Ruby metrics (collected with stackprof):

  • GC count/time: Frequency and duration of garbage collection
  • Heap pages: Memory allocated by Ruby VM
  • Live objects: Number of objects in memory

Statistical Analysis

Welch's t-test

Tests whether two frameworks have significantly different mean performance.

Null hypothesis (H₀): Framework A and Framework B have equal mean RPS.

Alternative hypothesis (H₁): Frameworks have different mean RPS.

Result interpretation:

  • p < 0.05: Reject null hypothesis, difference is statistically significant
  • p ≥ 0.05: Cannot reject null hypothesis, difference may be random

Cohen's d Effect Size

Measures the magnitude of performance difference in standard deviation units.

d = (mean_A - mean_B) / pooled_standard_deviation

Interpretation:

  • d < 0.2: Trivial difference
  • d = 0.2-0.5: Small difference
  • d = 0.5-0.8: Medium difference
  • d > 0.8: Large difference

Example:

Framework A: 50,000 RPS (σ = 1,000)
Framework B: 45,000 RPS (σ = 1,200)
Cohen's d = 4.5 (very large effect)

Multiple Comparison Correction

When comparing many frameworks, we use baseline comparison to reduce false positives:

Instead of comparing all pairs (N²/2 comparisons), we compare each framework to a single baseline (N comparisons).

This reduces the risk of finding "significant" differences by chance when running many statistical tests.

Benchmark Execution

Load Generator

Spikard uses oha (preferred) or bombardier for load generation:

oha -z 30s -c 100 --latency-correction --disable-keepalive http://localhost:8000/endpoint

Parameters:

  • -z 30s: Run for 30 seconds
  • -c 100: 100 concurrent connections
  • --latency-correction: Adjust for coordinated omission
  • --disable-keepalive: Force new connections (more realistic)

Warmup Period

Before measurement, a 3-second warmup period runs to:

  • Populate caches
  • Trigger JIT compilation
  • Stabilize CPU frequency
  • Initialize connection pools

Server Process Management

Each framework application:

  1. Spawns in isolated process
  2. Waits for HTTP readiness (port listening)
  3. Receives warmup traffic
  4. Undergoes measured benchmark
  5. Terminates cleanly

This ensures no cross-contamination between benchmarks.

Common Pitfalls

1. Coordinated Omission

Problem: Load generators that pause when the server is slow underreport latency.

Solution: Oha's --latency-correction flag compensates for this bias.

2. Insufficient Duration

Problem: Short benchmarks (< 10s) may not capture steady-state performance.

Solution: Default 30s duration ensures stabilization.
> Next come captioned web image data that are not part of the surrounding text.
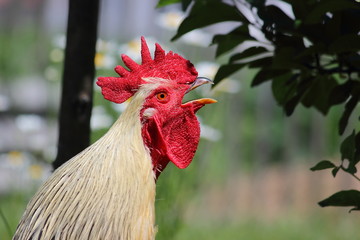 Crow cockerel with red comb portrait closeup at summer day in Garden on a background of green leaves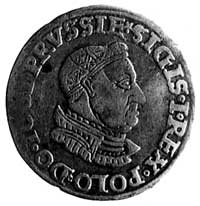 trojak 1534, Toruń, j.w., Kop. II. 1. -RR-, H-Cz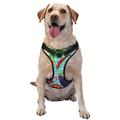 Coaee Vegetable Dog Harness&Pet Leash Harness Adjustable Dog Vest Harness For Training Hunting Walking Outdoor Walking- Medium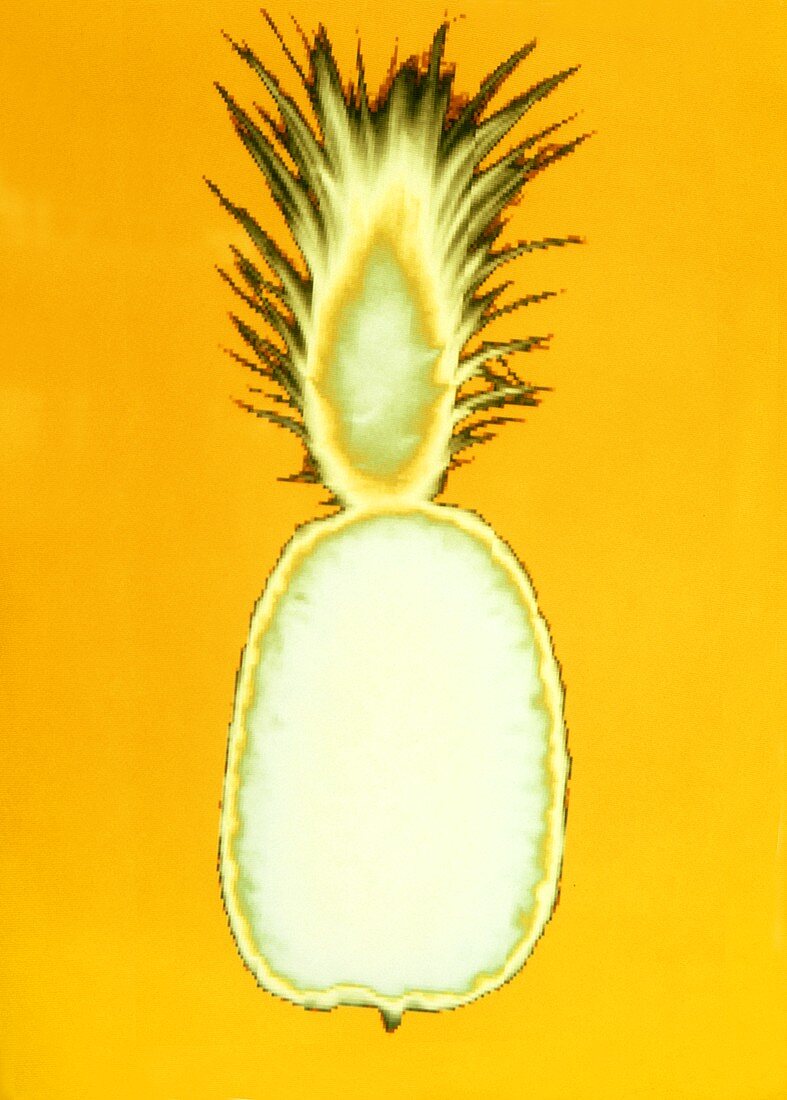 Symbolbild: Ananas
Use 60s+ for production comparisons.

3. Ignoring Success Rate

Problem: Frameworks that drop requests appear faster due to fewer completed requests.
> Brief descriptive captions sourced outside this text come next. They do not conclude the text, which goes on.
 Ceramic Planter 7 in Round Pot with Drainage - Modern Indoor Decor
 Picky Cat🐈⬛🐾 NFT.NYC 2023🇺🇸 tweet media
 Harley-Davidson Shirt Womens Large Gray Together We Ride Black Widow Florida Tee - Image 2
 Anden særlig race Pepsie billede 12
Solution: Always check success_rate = 1.0 before comparing RPS.

4. Single Run Results

Problem: Performance varies run-to-run due to CPU throttling, background processes.

Solution: Run multiple iterations and report median RPS with standard deviation.

5. Different Runtime Versions

Problem: Python 3.11 vs 3.12 may show 20%+ performance differences.

Solution: Lock runtime versions in metadata and compare within same environment.

Best Practices

Running Benchmarks

  1. Close background applications: Disable browsers, IDEs, and other CPU-intensive processes
  2. Disable CPU frequency scaling: Set governor to performance mode
  3. Pin to physical cores: Use taskset to avoid hyperthreading variance
  4. Run multiple iterations: Execute 3-5 runs and report median
  5. Monitor temperature: Ensure CPU doesn't thermal throttle during benchmarks

Interpreting Results

  1. Check success rate first: 100% successful requests required
  2. Compare within language: Don't compare FastAPI (Python) to Express (Node.js)
  3. Consider validation overhead: Raw variants show theoretical maximum
  4. Look at percentiles: p99 latency matters for user experience
  5. Read statistical significance: p-value determines if difference is real

Adding New Frameworks

  1. Implement all workload endpoints matching existing apps
  2. Use framework's recommended production configuration
  3. Enable validation if framework supports it
  4. Create a -raw variant for overhead comparison
  5. Document framework version and runtime in app README

Future Enhancements

  • Automated regression detection in CI
  • Historical trend visualization
  • Per-endpoint profiling with flamegraphs
  • WebSocket and SSE streaming benchmarks
  • Database integration workloads (PostgreSQL queries)
  • Multi-region latency simulation